↓

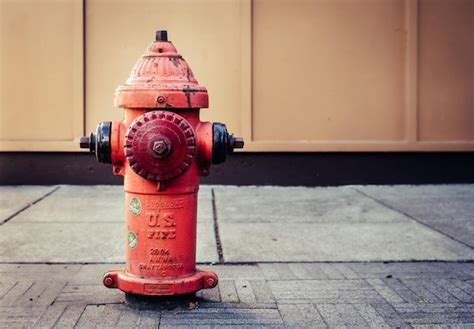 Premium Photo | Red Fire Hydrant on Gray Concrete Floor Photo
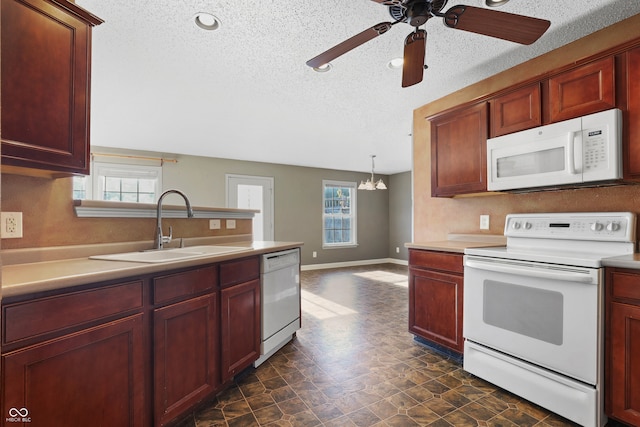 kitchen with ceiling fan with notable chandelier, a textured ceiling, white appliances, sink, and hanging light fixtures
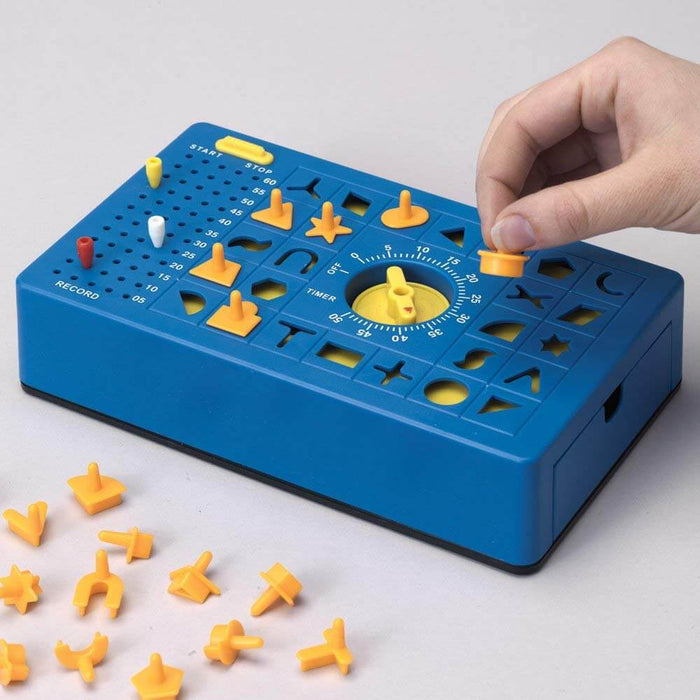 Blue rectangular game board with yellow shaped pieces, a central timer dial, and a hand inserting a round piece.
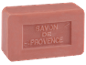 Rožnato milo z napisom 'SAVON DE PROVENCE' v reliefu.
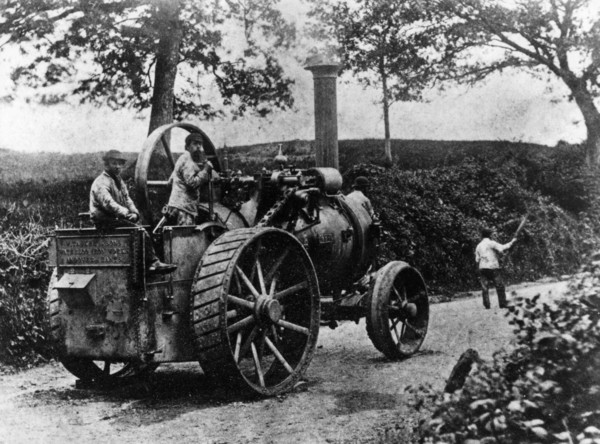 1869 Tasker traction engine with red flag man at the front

↑

What you have to do: Copy the whole of the material above exactly, and exclude every picture.

Result of the task:
 Premium Photo | Red Fire Hydrant on Gray Concrete Floor Photo
 kitchen with ceiling fan with notable chandelier, a textured ceiling, white appliances, sink, and hanging light fixtures
 Blue rectangular game board with yellow shaped pieces, a central timer dial, and a hand inserting a round piece.
 Rožnato milo z napisom 'SAVON DE PROVENCE' v reliefu.
 1869 Tasker traction engine with red flag man at the front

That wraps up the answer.